= SUPPLIED DATA =

*****

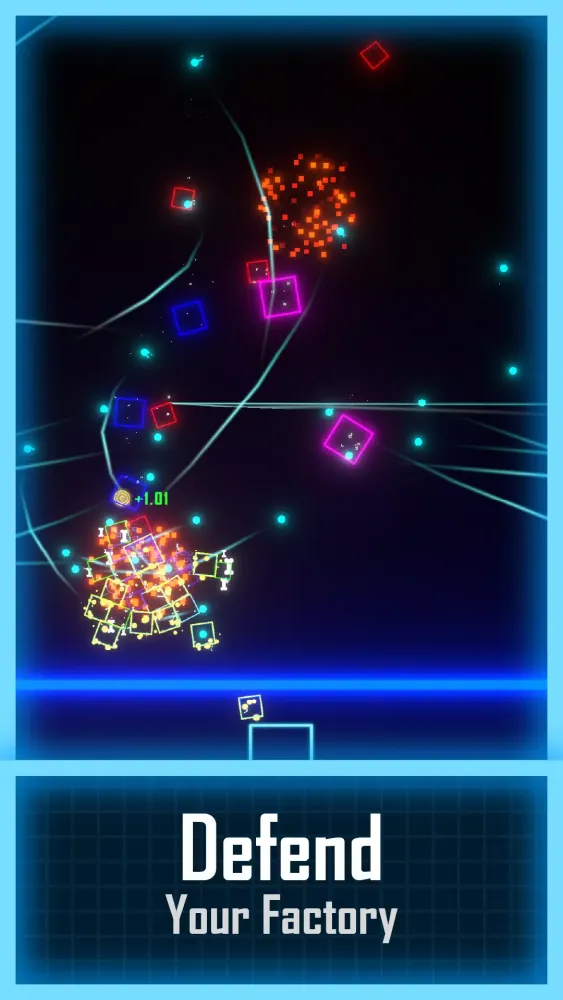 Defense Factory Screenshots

*****

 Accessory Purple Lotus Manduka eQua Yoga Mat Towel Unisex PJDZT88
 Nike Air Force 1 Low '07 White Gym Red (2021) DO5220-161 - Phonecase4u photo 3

*****

= BRIEF =
Your answer should be the lines above, from the line containing "Accessory Purple Lotus" up to and including the line containing "Nike Air Force", reproduced exactly and with nothing else.

= ANSWER BELOW =
 Accessory Purple Lotus Manduka eQua Yoga Mat Towel Unisex PJDZT88
 Nike Air Force 1 Low '07 White Gym Red (2021) DO5220-161 - Phonecase4u photo 3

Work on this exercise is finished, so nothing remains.